Investigating Memory – Strings

A while back I had to investigate why our application seemed to be using a large amount of memory in certain usage patterns. What we would find is that several calls to a web service would cause an OutOfMemoryException on the client.

Note: The underlying problem was the good old, “references not being released” to an object and thus garbage collection not taking place. But more interesting at the time was the information I found from the steps below.

To investigate the memory usage I loaded up WinDbg and attached (F6) to the instance of the application I wanted to investigate. Then carried out the following steps.

  • I typed .load sosex into the WinDbg command line (see http://stevestechspot.com)
  • I typed !dumpheap -stat into the WinDbg command line to view the memory

At the end of the heap dump I noticed the type consuming the largest amount of memory (by quite a long way) was the humble System.String. This tweaked my interest and so I dug deeper using WinDbg.

  • I typed !dumpheap -strings into WinDbg

This took a while to complete (due to the size of the application) but I noticed that when the dump was completed there were a large number of strings which seemed to have a very large number of instances duplicates stored in memory. Amounting to a hefty amount of the memory being used for the same string stored thousands of times.

Note: The problem with !dumpheap -strings is that it does not output the object reference because it’s outputting a summary of each string’s usage, but from this we can see the strings that take the most memory and/or most instances of and the use the sosex command !strings to inspect each instance in more detail. Type !help !strings to view help for the command. One useful option is !strings /m:

What was happening was that large amounts of data were being retrieved from our web services and in that data was a massive number of duplicate strings. Unfortunately I could do nothing with the web service itself, but I could attempt to address the strings in the client application.

As you may know there’s a static method on the String class called Intern. In essence this acts as an application wide string cache (or more precisely an AppDomain cache), calling it like this

o.Name = String.Intern(o.Name);

Will in essence replace the o.Name string which a reference to the one stored in the application cache, thus the previous o.Name string can be garbaged collected as it’s no longer referenced.

This reduced the amount of duplicates and memory immediately, however there’s an obvious problem with the String.Intern and that is it’s an AppDomain cache.
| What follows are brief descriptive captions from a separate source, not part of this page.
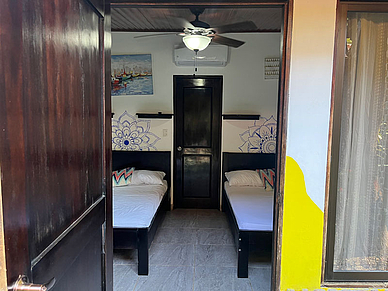 Zimmer in der Studentenresidenz in Sámara mit zwei Betten, Klimaanlage und direktem Zugang.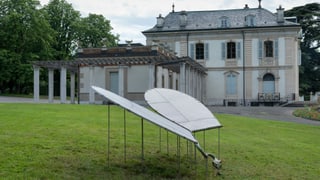 Vor einem historischen Gebäude steht eine Brunnen-Installation.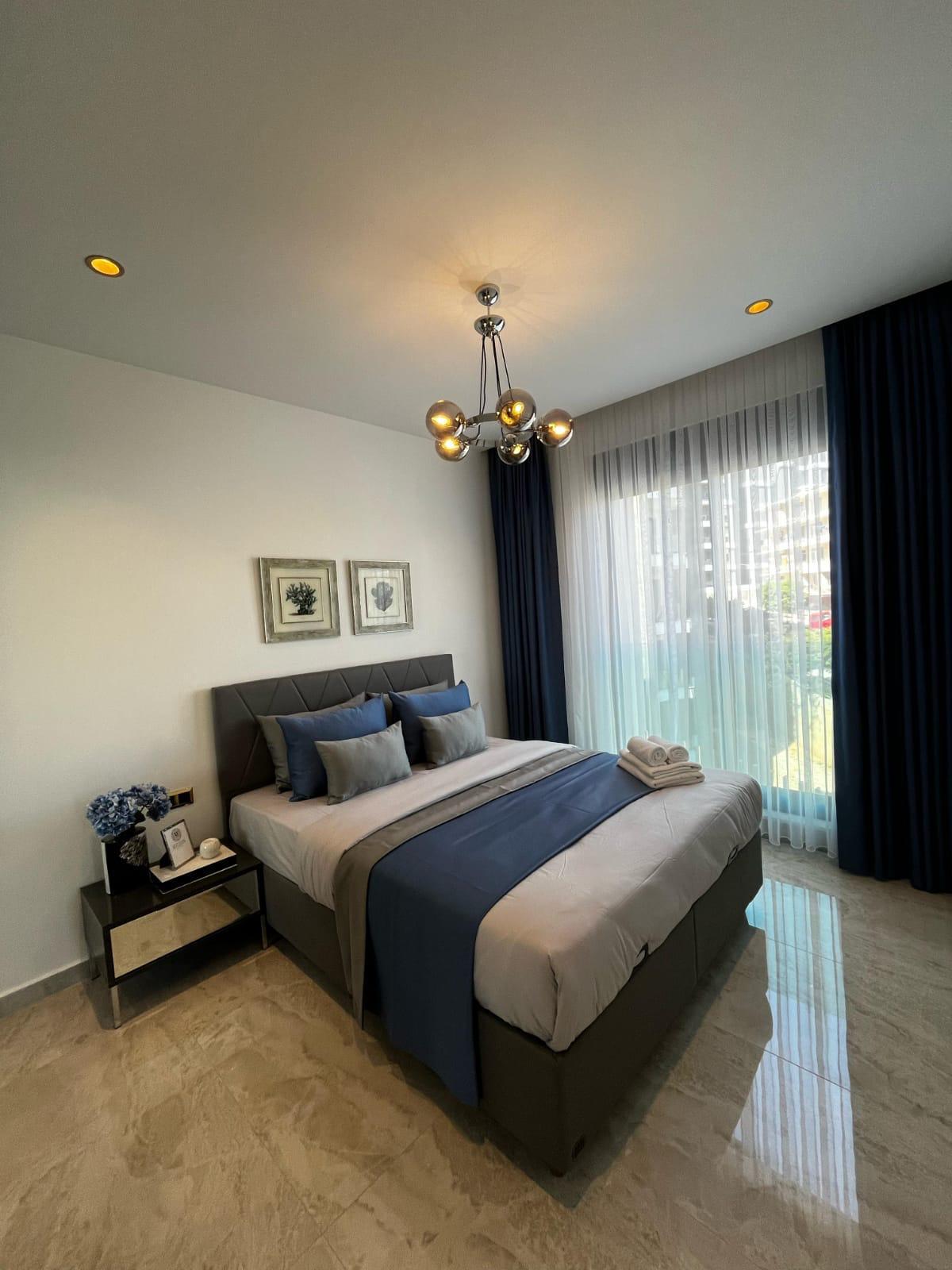 Апартаменты планировкой 1+1 рядом с морем в районе Тосмур. - Фото 46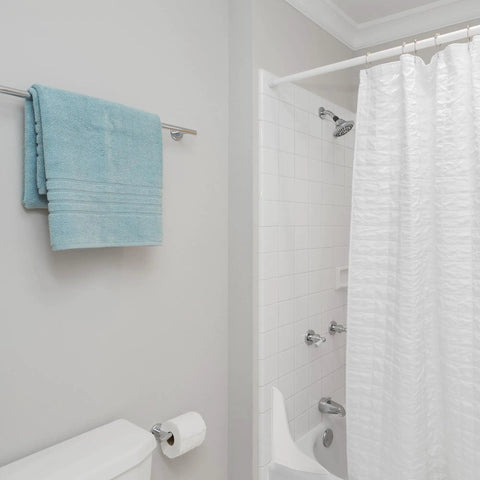 White Plastic Bath Tub Splash Guard 9 Inch By 10.75 Inch Curved Water Redirector For Shower Enclosures visible in bathroom corner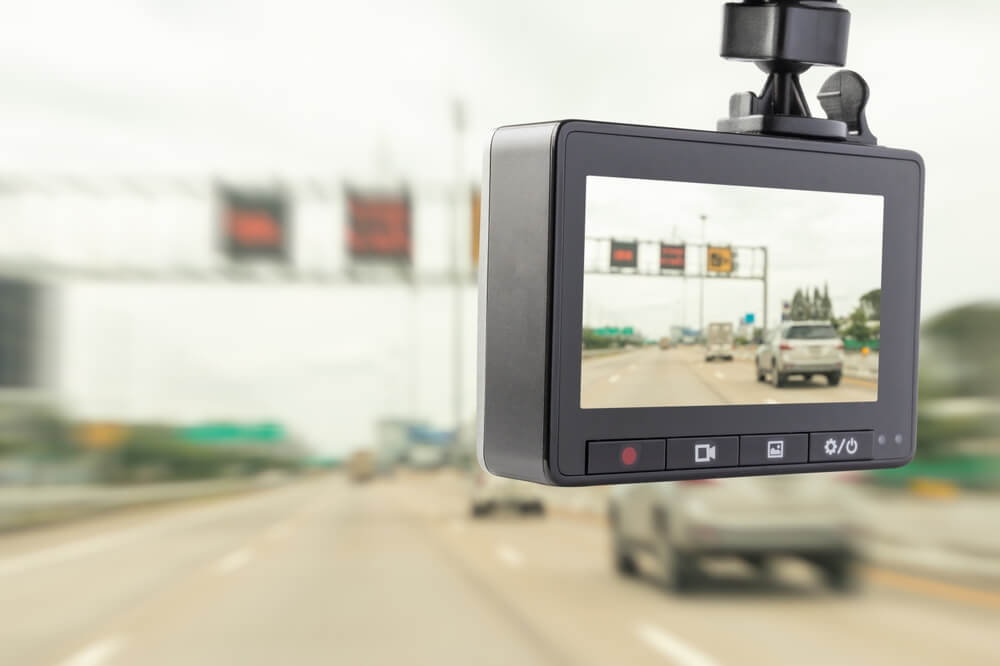 A dashcam records what happens around a vehicle on the road.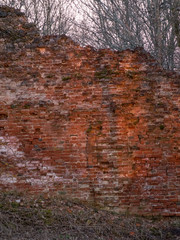 Ruined brick wall of a medieval castle, beautiful sunset colors in spring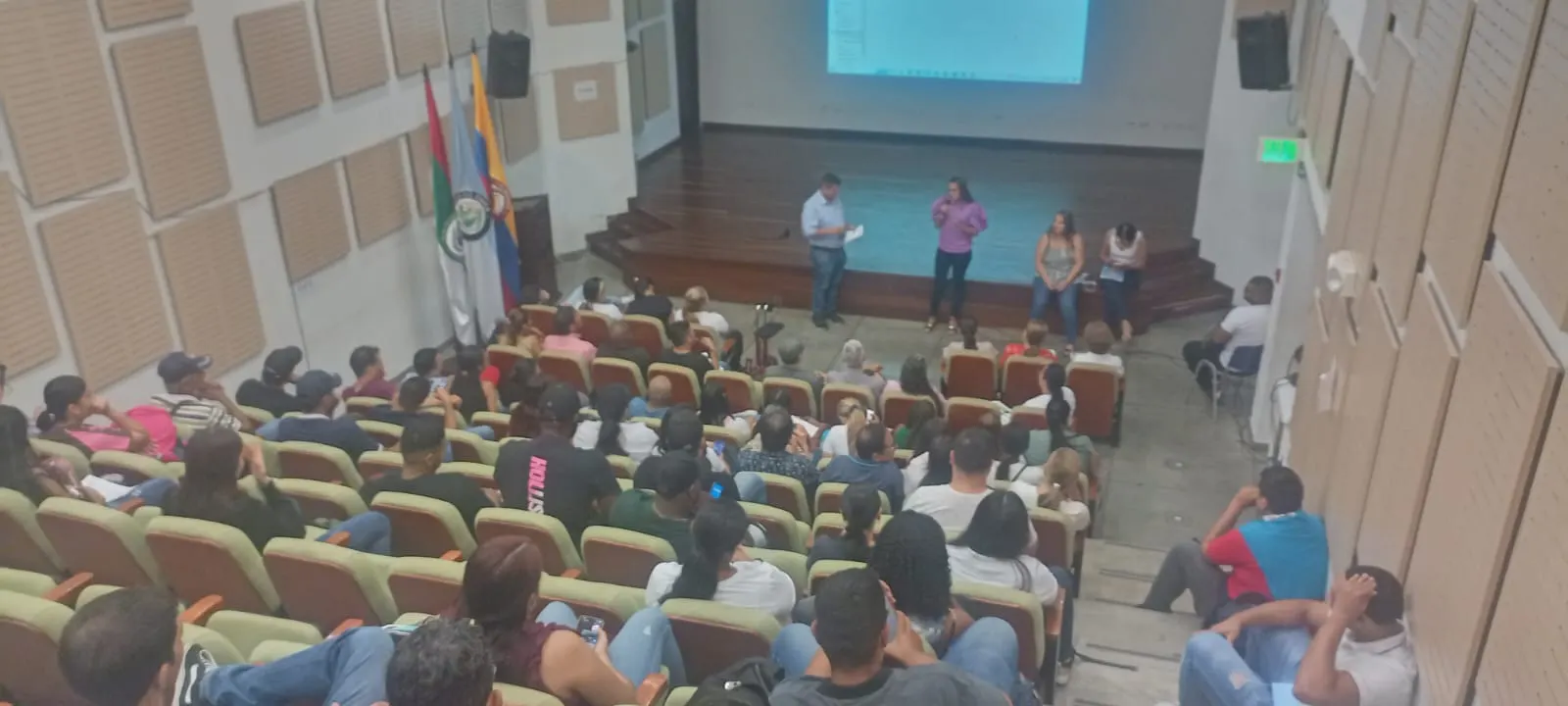 Socialización ante el público en un auditorio con banderas de Colombia y del municipio, con la platea llena de asistentes.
This means that as we read strings from our webservices these add to the cache and never get garbage collected, slowly added more and more unique strings to the cache. This is fine for const strings which are automatically interen’d but not so good for an application mean’t to run pretty much 24/7.

I initially looked to implement my own Dictionary based cache but almost everything has been done by somebody else on the web, so after a short search I came across the StringReference class which did exactly what I wanted. It allows us to use the good bits from Intern but with the ability to clean up unused strings over time.